Whenever Amex announces another Platinum refresh, the conversation usually focuses on the same question: can cardholders extract enough value from the credits to justify the annual fee?

But there is another question that receives less attention: why do merchants keep agreeing to participate? Why did Saks want to participate at all? Why Lululemon? Why Resy, Equinox, Hilton, Dell and dozens of others?

The more you look into the structure, the less it resembles a traditional rewards program. Instead, it starts to look like an Amex-directed marketplace.

Cardholders receive benefits. Merchants gain access to a large group of affluent consumers. American Express sits in the middle, connecting the two. The cardholder is clearly only one part of the story.

Stakeholder

What they are really buying

Cardholder

perks, statement credits, premium experiences

Merchant

affluent consumer acquisition + measurable incremental spend

Amex

retention, engagement, partner funding, closed-loop data, platform strength

If Amex simply wanted to give cardholders spending power, there are easier ways to do it. The Chase Sapphire Reserve’s travel credit is a good example. Most cardholders barely notice it. Buy a flight, book a hotel, take an Uber, and the credit largely takes care of itself.

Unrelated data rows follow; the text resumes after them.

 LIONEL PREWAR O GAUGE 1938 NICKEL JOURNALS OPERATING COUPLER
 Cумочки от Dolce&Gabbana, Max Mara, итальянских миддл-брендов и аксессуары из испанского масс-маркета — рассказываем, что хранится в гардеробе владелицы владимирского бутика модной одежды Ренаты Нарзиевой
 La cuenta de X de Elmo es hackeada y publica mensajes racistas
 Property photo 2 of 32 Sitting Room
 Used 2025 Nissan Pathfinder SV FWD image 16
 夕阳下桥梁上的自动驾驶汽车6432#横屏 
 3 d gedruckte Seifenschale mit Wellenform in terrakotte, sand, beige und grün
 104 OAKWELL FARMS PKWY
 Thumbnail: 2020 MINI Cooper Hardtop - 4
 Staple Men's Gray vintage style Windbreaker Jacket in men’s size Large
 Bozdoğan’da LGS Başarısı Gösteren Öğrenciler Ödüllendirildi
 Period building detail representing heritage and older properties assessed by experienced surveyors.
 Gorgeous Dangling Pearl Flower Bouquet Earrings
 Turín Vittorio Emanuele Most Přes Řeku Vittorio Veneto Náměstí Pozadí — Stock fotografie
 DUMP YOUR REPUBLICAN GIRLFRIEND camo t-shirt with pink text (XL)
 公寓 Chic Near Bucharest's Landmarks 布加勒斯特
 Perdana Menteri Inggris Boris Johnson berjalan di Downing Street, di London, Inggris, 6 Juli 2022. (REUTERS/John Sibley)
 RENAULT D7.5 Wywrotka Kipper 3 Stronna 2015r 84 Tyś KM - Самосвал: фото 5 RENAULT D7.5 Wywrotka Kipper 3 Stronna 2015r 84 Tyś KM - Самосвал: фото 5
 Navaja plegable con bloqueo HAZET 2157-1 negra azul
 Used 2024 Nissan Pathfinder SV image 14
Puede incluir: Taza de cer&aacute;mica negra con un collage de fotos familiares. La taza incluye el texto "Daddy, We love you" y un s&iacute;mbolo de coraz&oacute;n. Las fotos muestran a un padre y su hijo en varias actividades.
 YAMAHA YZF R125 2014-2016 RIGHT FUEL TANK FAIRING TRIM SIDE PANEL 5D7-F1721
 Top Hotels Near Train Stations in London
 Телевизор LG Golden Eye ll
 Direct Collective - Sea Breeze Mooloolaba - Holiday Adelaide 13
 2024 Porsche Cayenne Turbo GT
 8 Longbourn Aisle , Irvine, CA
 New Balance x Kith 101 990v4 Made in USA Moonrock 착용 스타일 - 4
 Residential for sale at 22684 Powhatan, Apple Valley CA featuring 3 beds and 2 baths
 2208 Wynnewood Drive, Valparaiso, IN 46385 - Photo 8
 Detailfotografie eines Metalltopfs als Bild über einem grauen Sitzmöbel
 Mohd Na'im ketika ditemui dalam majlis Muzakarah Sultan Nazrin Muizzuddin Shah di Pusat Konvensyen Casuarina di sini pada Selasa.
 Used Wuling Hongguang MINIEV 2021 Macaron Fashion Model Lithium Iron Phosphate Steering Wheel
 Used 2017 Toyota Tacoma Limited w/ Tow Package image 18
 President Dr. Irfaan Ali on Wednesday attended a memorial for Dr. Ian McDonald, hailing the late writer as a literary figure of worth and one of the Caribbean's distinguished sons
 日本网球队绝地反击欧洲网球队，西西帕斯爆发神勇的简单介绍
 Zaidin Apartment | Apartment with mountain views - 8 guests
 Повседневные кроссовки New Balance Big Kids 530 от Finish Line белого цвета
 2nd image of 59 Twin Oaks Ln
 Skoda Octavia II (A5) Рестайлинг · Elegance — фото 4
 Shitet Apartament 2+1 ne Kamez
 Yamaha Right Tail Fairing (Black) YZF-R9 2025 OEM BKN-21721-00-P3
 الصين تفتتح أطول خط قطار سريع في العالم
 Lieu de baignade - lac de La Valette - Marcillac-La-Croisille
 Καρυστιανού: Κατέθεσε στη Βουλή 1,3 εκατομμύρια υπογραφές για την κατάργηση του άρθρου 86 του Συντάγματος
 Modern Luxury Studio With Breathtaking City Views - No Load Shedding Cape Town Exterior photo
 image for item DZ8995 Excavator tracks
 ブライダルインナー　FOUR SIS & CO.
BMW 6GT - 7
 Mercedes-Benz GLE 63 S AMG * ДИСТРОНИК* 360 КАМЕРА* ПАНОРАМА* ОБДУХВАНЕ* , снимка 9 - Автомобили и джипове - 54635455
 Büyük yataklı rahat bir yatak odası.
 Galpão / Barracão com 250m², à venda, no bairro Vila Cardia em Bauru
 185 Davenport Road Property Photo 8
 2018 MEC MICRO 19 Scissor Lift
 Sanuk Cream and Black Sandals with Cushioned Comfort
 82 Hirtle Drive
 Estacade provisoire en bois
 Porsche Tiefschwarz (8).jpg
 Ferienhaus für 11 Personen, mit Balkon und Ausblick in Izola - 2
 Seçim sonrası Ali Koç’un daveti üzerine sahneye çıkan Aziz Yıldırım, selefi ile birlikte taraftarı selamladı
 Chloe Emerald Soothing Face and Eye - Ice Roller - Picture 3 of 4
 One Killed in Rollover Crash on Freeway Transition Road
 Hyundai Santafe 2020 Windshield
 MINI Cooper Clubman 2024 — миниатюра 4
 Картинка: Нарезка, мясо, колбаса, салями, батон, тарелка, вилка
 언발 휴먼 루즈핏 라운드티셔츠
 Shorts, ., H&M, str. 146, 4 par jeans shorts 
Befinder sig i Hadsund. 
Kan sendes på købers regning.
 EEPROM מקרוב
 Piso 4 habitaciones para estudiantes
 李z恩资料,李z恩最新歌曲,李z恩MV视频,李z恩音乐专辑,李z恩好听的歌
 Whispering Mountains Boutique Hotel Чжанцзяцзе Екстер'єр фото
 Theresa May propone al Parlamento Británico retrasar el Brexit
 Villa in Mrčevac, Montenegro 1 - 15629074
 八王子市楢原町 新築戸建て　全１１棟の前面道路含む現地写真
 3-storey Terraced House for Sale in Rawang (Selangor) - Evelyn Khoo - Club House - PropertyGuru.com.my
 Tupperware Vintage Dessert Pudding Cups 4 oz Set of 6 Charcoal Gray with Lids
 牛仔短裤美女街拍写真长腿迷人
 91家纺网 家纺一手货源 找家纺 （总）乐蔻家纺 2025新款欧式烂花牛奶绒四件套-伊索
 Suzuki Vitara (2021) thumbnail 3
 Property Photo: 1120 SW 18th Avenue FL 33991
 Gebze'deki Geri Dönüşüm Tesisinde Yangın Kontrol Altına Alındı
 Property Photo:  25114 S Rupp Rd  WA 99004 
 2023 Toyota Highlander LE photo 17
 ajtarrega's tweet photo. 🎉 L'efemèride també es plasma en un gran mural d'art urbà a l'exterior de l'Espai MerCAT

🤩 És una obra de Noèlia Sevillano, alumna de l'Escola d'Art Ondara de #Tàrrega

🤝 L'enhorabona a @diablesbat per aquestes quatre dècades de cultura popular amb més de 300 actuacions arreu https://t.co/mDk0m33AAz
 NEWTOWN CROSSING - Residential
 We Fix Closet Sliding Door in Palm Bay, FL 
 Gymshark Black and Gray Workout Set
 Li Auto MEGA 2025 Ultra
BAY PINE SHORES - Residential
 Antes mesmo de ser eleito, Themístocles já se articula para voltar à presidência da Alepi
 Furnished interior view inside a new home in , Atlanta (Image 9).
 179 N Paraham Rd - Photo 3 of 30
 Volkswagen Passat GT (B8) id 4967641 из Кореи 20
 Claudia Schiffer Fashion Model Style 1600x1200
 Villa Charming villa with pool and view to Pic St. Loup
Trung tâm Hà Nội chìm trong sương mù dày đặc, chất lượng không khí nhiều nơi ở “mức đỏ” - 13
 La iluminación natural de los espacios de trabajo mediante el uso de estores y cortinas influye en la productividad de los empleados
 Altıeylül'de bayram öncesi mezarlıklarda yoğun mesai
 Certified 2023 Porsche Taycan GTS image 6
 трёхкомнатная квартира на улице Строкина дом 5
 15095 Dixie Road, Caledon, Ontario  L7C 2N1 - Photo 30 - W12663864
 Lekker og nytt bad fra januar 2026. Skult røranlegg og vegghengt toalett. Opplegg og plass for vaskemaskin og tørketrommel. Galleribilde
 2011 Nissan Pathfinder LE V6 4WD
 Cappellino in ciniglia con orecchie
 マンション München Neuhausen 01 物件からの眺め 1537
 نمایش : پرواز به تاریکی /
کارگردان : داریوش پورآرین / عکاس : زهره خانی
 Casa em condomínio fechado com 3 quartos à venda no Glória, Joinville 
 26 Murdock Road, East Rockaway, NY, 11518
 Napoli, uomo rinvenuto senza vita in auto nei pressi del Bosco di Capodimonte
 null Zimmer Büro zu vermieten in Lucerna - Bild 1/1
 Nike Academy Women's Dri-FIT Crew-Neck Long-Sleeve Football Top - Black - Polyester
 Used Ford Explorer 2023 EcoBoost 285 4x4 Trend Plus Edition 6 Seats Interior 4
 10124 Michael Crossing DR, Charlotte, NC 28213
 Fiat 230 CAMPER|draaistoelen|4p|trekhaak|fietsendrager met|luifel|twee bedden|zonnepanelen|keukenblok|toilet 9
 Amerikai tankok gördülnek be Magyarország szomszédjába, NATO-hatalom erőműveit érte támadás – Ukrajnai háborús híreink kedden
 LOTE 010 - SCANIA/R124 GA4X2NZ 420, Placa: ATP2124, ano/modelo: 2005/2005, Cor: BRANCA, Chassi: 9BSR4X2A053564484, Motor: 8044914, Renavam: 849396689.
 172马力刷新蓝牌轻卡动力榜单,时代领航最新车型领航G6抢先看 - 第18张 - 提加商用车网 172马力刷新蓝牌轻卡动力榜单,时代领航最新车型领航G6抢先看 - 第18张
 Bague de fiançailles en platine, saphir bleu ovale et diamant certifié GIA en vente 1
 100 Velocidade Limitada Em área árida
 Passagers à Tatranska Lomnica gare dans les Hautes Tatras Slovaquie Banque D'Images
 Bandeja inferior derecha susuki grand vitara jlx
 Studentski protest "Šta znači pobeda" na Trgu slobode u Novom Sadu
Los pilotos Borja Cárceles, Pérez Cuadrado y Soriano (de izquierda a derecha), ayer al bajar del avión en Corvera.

Many Platinum benefits work differently.

The Lululemon credit requires you to think about Lululemon. The Saks credit required you to think about Saks. Dining credits are often tied to specific restaurants or platforms. Hotel credits require particular booking channels.

From a cardholder’s perspective, that can feel unnecessarily complicated. From a merchant’s perspective, it makes perfect sense. A broad travel credit creates spending. A merchant-specific credit creates spending at a particular merchant. That is a very different objective.

When you look at the benefits through that lens, many of the design choices look quite intentional.

Amex Is Not Paying the Full Headline Cost

When Amex advertises thousands of dollars of annual Platinum value, the obvious assumption is that Amex is paying for all of it. Public disclosures would strongly suggest otherwise. During the September 2025 Platinum refresh that raised the annual fee to $895, the Wall Street Journal reported:

“Amex said the companies it partners with across all its cards shoulder more than a quarter of the cost of rewards.”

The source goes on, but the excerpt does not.